The major glared at Ernie for a while, but apparently the wheels were turning. He knew we’d been ordered down here by the 8th Army Chief of Staff, General Frankenton himself, and causing a fuss over local procedure wasn’t going to endear him to the honchos at HQ. Not when they had Congress breathing down their necks.
That was Ernie. When he knew he held the high hand, he went all in. The problem with this was that in the Army, you didn’t hold the high hand forever. Somehow, someplace, they always got you back. Major Wilson shoved the ledger aside. His face impassive, he began to speak.
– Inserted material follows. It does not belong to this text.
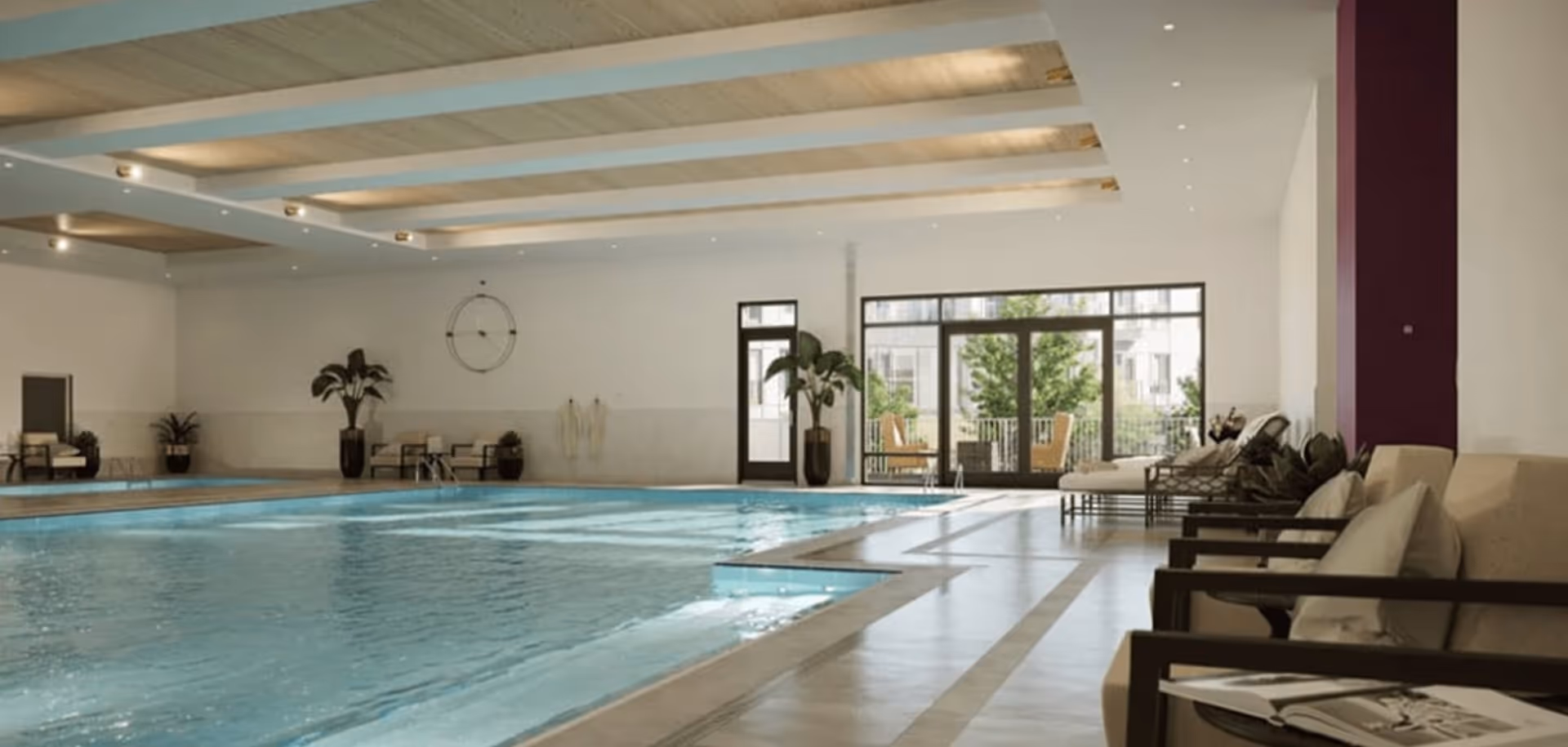 Indoor swimming pool with lounge chairs, potted plants, and large windows opening to an outdoor patio.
“Specialist Shirkey was last seen at the Heitei Lounge, just a few yards outside the front gate. Some say he left with a girl. Others say he caught a cab to Texas Street. None of the testimony is reliable, since the last sighting was less than an hour before the midnight curfew, and everyone in the club had been drinking since getting off duty at seventeen hundred hours. According to our sign-out/sign-in register, Shirkey signed out on pass at seventeen fifteen hours but never returned to compound and never signed back in off pass. The houseboy who works in his barracks arrived at work before dawn, but he swears Shirkey’s bunk wasn’t disturbed. The man you’re looking for was out there drinking, and then he wasn’t. If you can find a lead off that, more power to you.”